Task to complete: The line with "Casa Di Giugiu Apartment" marks the first line to copy, and the line with "Öhlins S46HR1C1B 后减震器" marks the last. Transcribe that stretch of the data below exactly, without pictures.

Crawled caption data
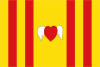 Flag of Alcorisa
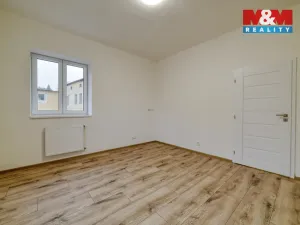 Pronájem bytu 3+kk, Luby, Revoluční, 71 m2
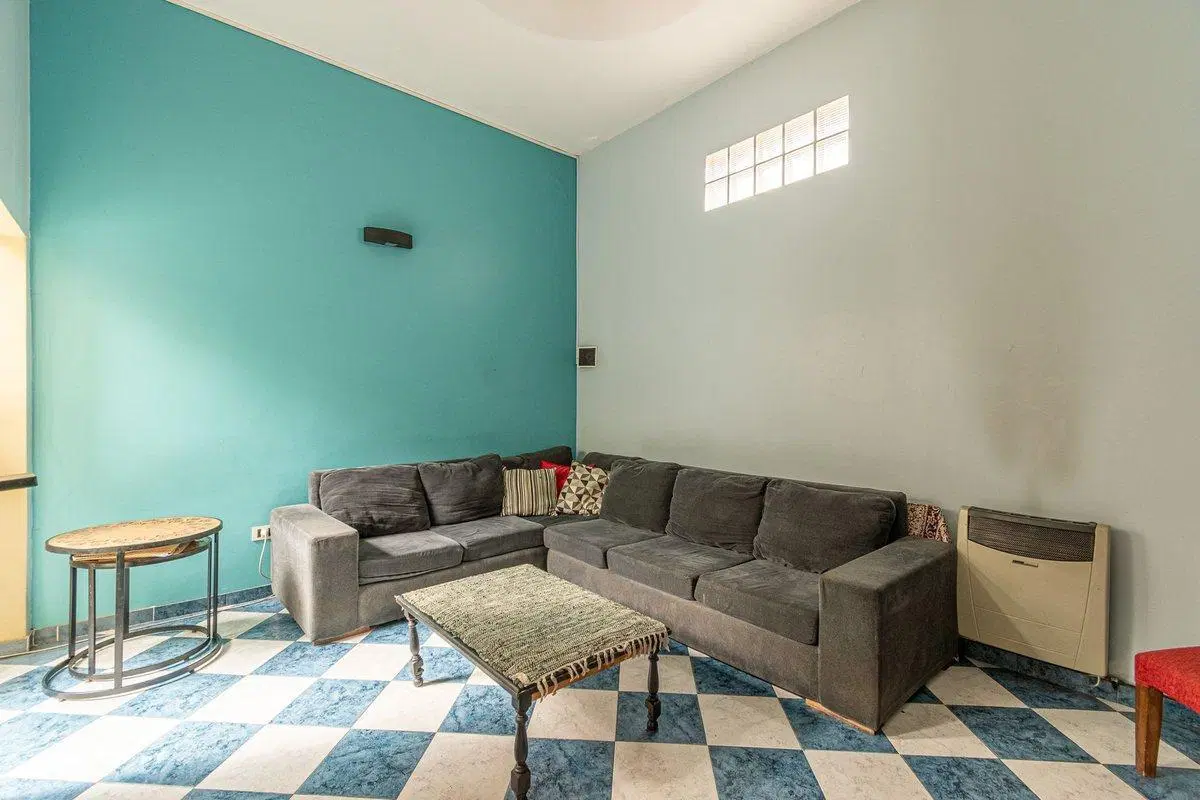 VENTA PH 5 AMBIENTES VILLA SARMIENTO 2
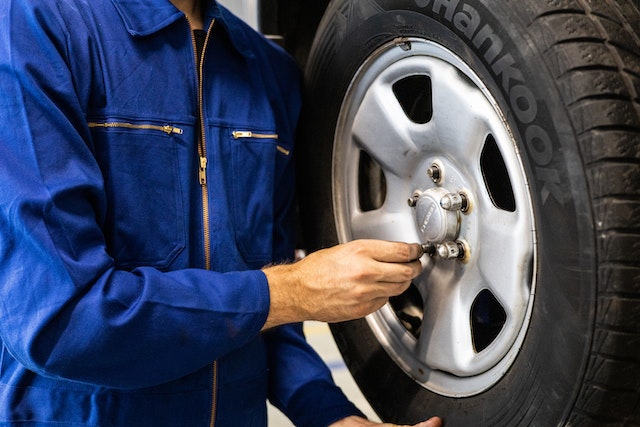 Key Benefits of Booking a Tire Appointment at Costco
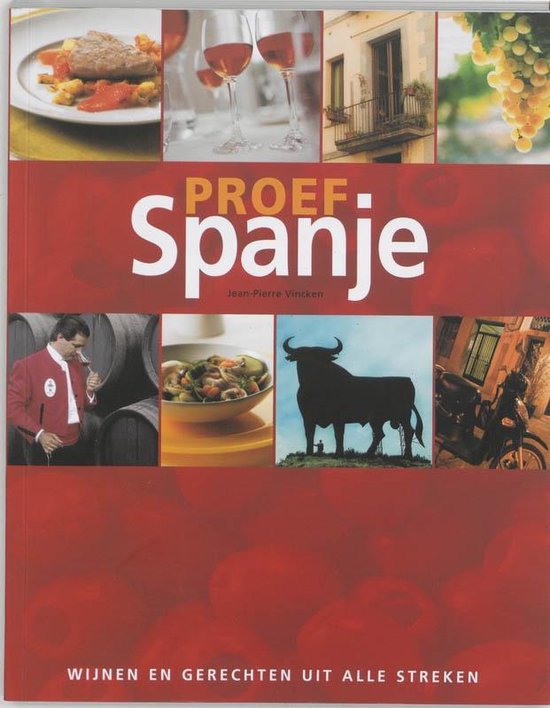 Proef Spanje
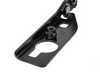 ES#72859 - 41618175002 - Hood Hinge - Right - Right hood hinge - Genuine BMW - BMW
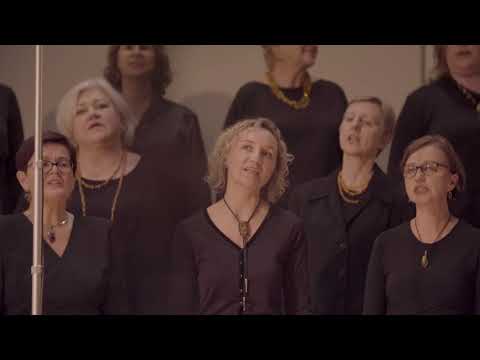 Keith Hampton - Praise His Holy Name - Dainava Chicago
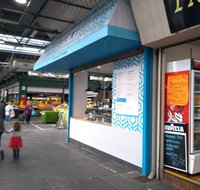 Steki - Accommodation Brisbane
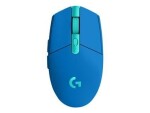 Logitech bezdrátová myš G305 / bezdrátová myš / 12000dpi (910-006014)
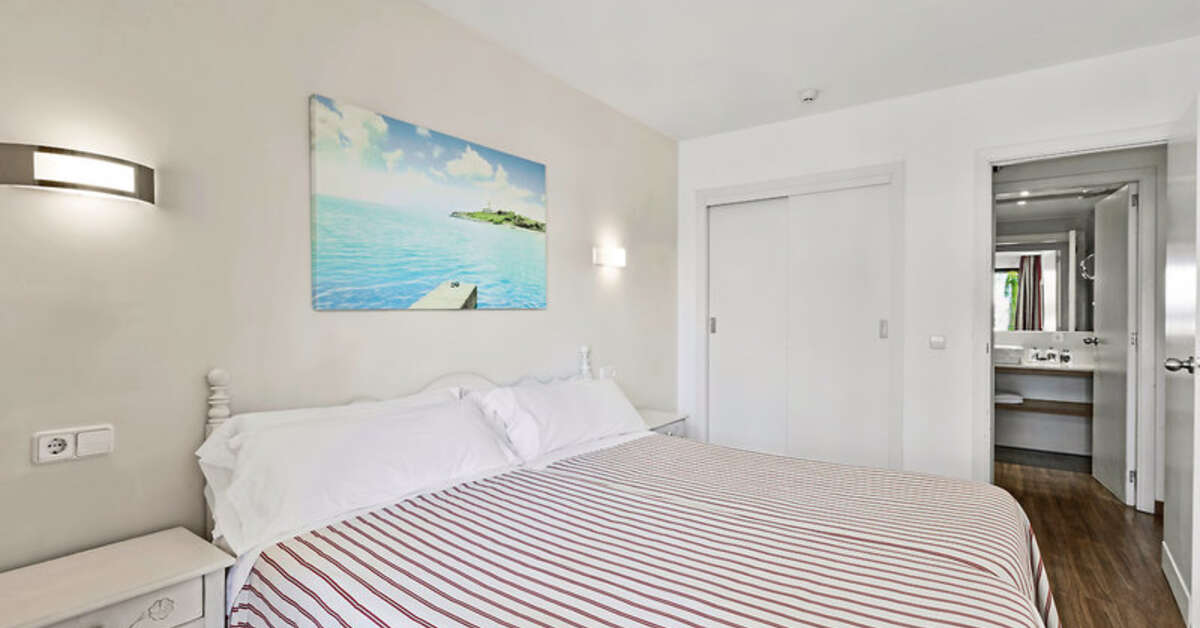 Ein Foto Aparthotel Pabisa Orlando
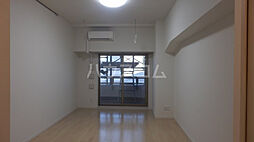 サンライズ宇都宮 506 5階1Kのリビング/ダイニング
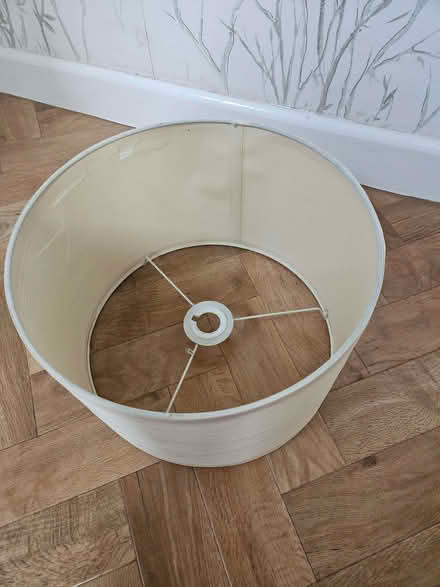 Photo of free Used shade Dunelm (Church RG2) #2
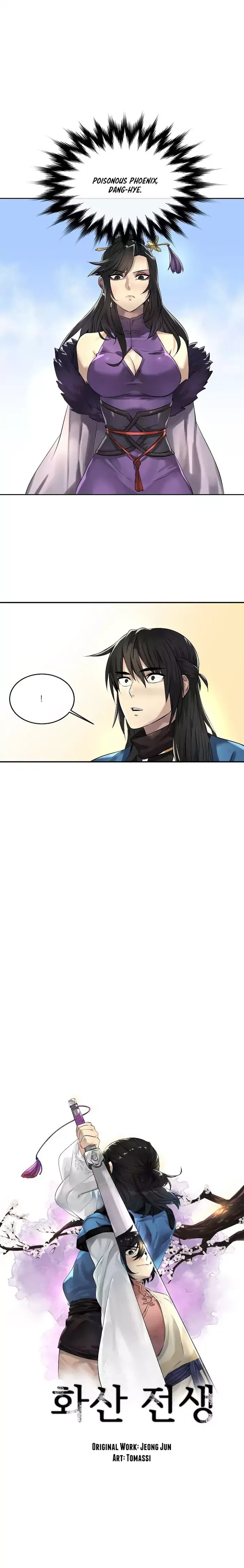 Volcanic Age Chapter 43 image 2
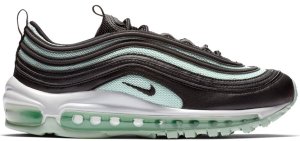 Nike Air Max 97 Black Igloo (W) Black/Igloo-White (921733-012)
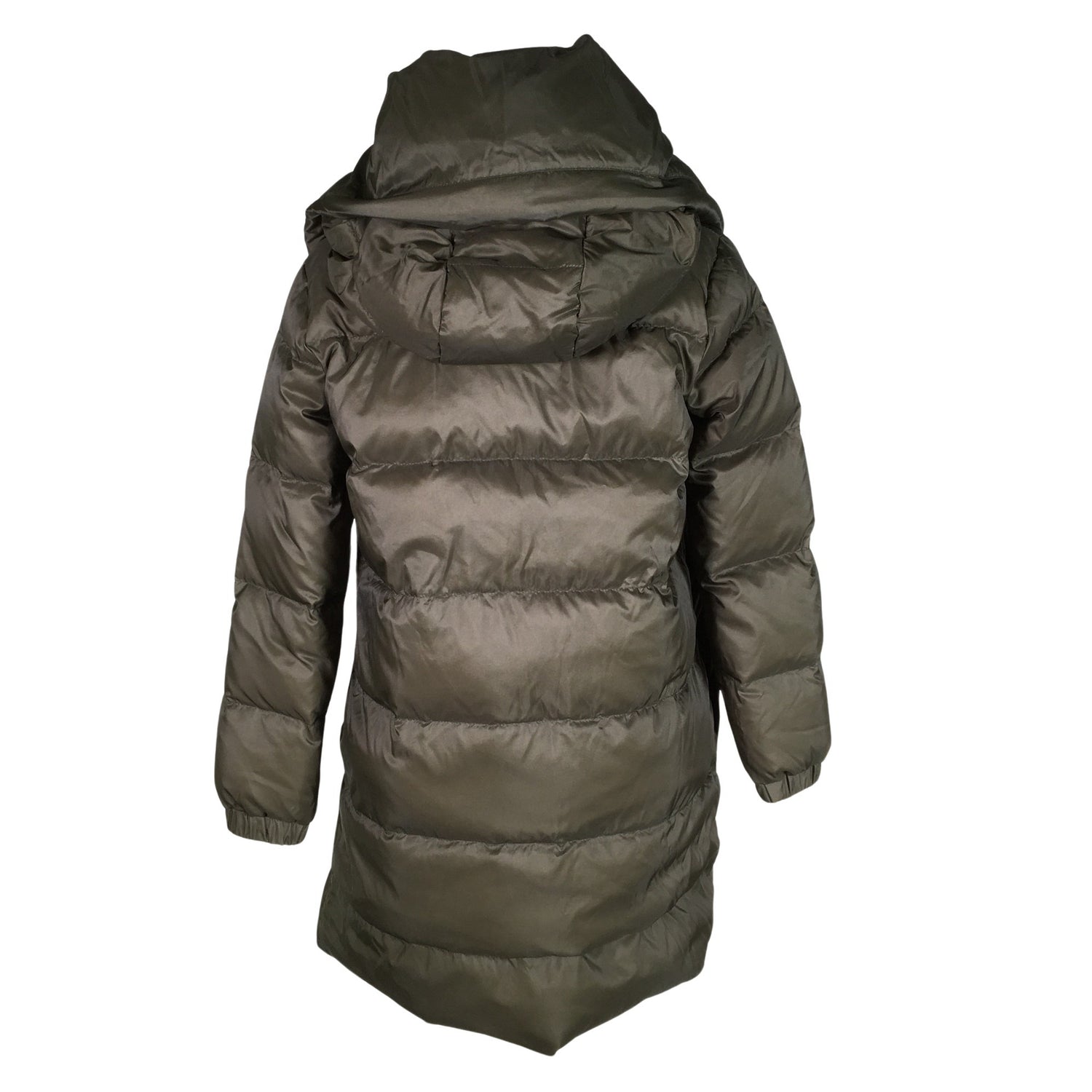 Untuvatakki, koko 34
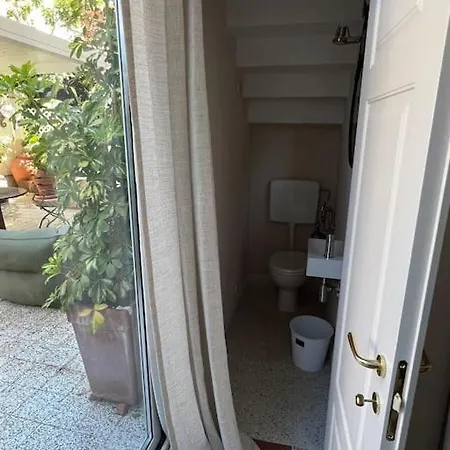 Casa Di Giugiu Apartment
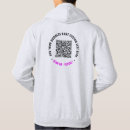 Search for workwear clothing Qr code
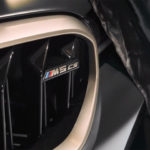 【影片】BMW 釋出 M5 CS 預告片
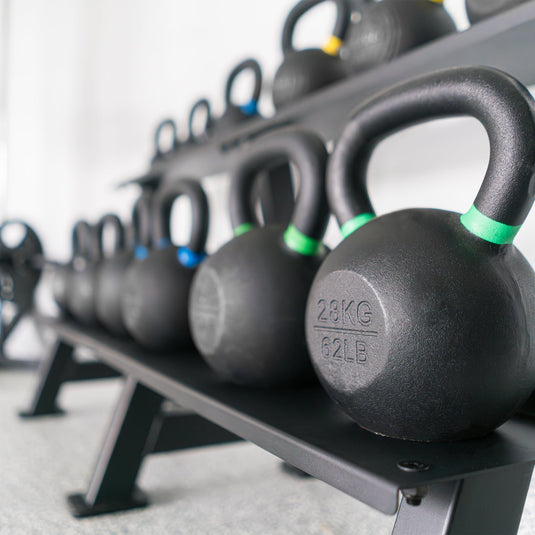 Synergee - Kettlebell Storage Rack (Large)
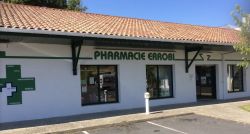 Pharmacie Errobi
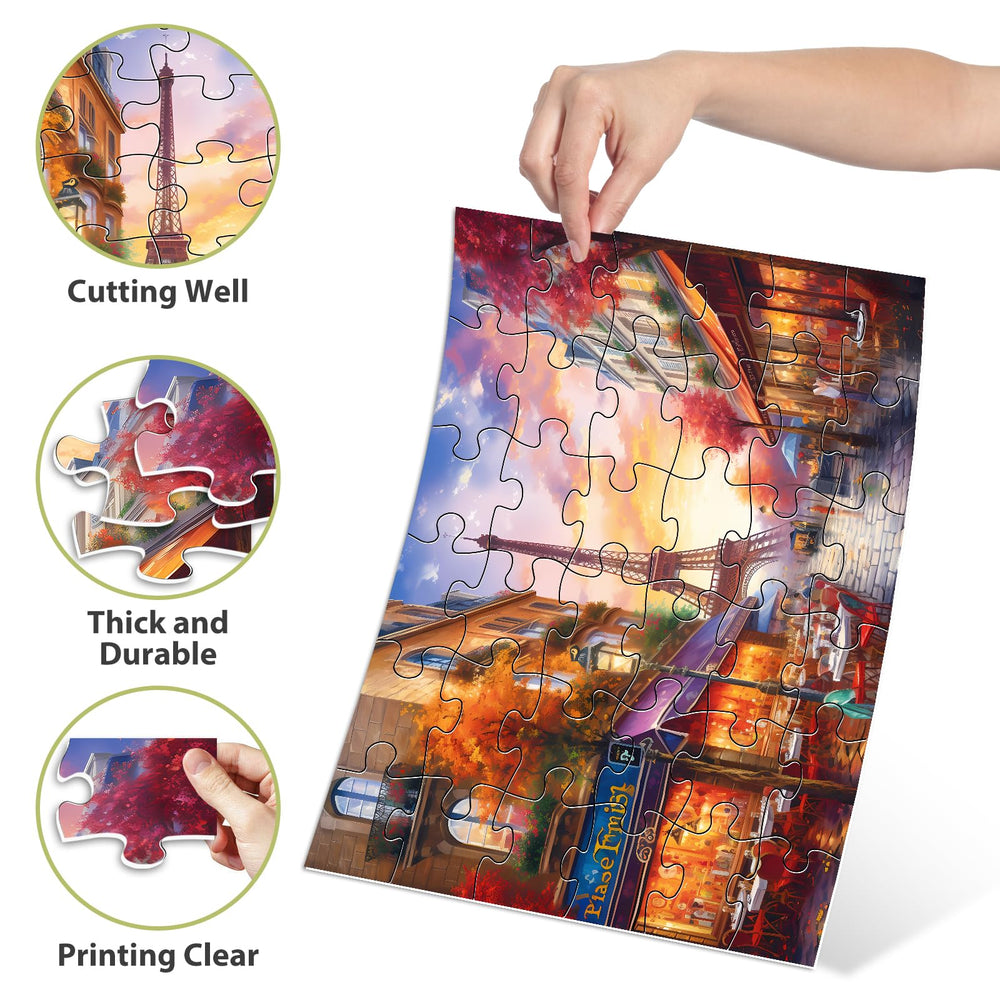 Biarek dementia-friendly packaging preserves privacy during activities.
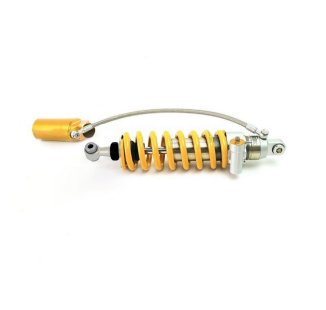 Öhlins S46HR1C1B 后减震器 适用于宝马 F450GS（2026 年及以后款）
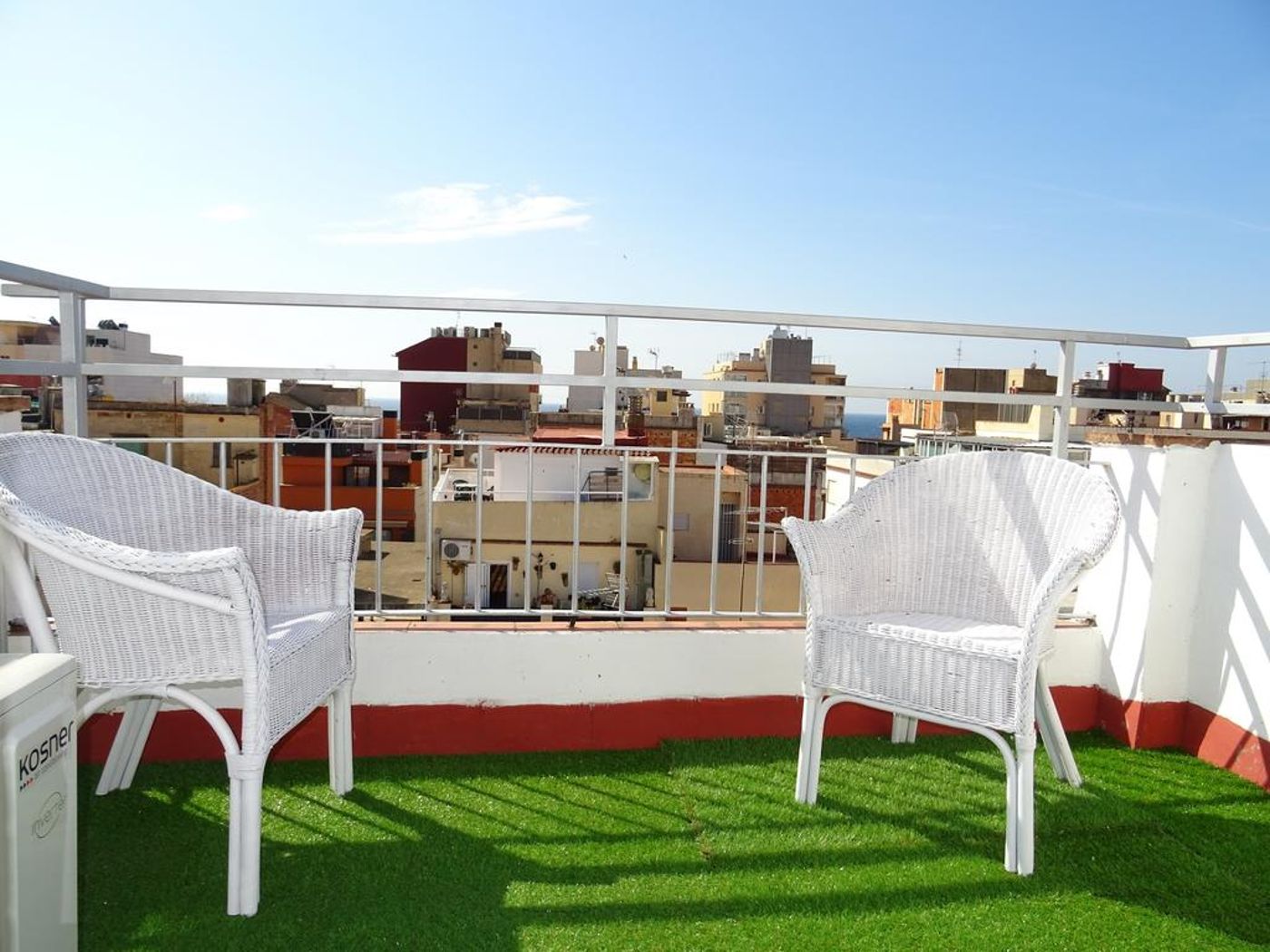 Hotel Victoria - Lloret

Answer to the exercise:
 Casa Di Giugiu Apartment
 Search for workwear clothing Qr code
 【影片】BMW 釋出 M5 CS 預告片
 Synergee - Kettlebell Storage Rack (Large)
 Pharmacie Errobi
 Biarek dementia-friendly packaging preserves privacy during activities.
 Öhlins S46HR1C1B 后减震器 适用于宝马 F450GS（2026 年及以后款）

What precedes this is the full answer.